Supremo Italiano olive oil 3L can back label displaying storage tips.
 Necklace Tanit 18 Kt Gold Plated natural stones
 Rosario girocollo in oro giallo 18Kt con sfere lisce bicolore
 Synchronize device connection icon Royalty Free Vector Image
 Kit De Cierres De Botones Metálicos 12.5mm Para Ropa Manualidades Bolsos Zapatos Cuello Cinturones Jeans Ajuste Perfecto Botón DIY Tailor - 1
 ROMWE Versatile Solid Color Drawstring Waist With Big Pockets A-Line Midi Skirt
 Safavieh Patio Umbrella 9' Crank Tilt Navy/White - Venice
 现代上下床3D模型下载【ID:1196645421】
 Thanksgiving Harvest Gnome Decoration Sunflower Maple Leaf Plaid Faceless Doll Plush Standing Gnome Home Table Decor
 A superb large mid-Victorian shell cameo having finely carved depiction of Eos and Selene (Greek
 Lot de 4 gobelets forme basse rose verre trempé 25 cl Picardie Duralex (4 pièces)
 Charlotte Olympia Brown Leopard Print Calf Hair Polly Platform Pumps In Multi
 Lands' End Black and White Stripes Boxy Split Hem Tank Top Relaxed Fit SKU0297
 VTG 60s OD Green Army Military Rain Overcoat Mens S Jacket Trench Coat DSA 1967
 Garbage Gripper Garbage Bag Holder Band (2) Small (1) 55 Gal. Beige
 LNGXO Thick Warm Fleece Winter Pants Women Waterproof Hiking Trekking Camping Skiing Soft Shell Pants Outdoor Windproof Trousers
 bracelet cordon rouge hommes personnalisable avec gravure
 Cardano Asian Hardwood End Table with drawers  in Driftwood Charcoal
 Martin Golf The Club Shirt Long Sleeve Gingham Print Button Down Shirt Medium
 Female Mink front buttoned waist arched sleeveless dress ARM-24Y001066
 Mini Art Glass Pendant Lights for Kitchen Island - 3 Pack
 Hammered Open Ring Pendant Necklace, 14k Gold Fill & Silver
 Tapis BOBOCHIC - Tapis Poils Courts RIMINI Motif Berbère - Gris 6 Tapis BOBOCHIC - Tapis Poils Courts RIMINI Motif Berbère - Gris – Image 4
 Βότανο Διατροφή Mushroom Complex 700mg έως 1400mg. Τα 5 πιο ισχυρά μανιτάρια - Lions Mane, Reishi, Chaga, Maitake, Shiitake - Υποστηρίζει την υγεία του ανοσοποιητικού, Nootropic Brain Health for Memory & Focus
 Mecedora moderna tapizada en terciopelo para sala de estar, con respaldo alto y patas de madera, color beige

#####

Task to complete →
Which lines belong in the answer? Exactly those from the first line of the entries through the line holding "Lot de 4 gobelets", inclusive, copied unchanged.

Reply →
Supremo Italiano olive oil 3L can back label displaying storage tips.
 Necklace Tanit 18 Kt Gold Plated natural stones
 Rosario girocollo in oro giallo 18Kt con sfere lisce bicolore
 Synchronize device connection icon Royalty Free Vector Image
 Kit De Cierres De Botones Metálicos 12.5mm Para Ropa Manualidades Bolsos Zapatos Cuello Cinturones Jeans Ajuste Perfecto Botón DIY Tailor - 1
 ROMWE Versatile Solid Color Drawstring Waist With Big Pockets A-Line Midi Skirt
 Safavieh Patio Umbrella 9' Crank Tilt Navy/White - Venice
 现代上下床3D模型下载【ID:1196645421】
 Thanksgiving Harvest Gnome Decoration Sunflower Maple Leaf Plaid Faceless Doll Plush Standing Gnome Home Table Decor
 A superb large mid-Victorian shell cameo having finely carved depiction of Eos and Selene (Greek
 Lot de 4 gobelets forme basse rose verre trempé 25 cl Picardie Duralex (4 pièces)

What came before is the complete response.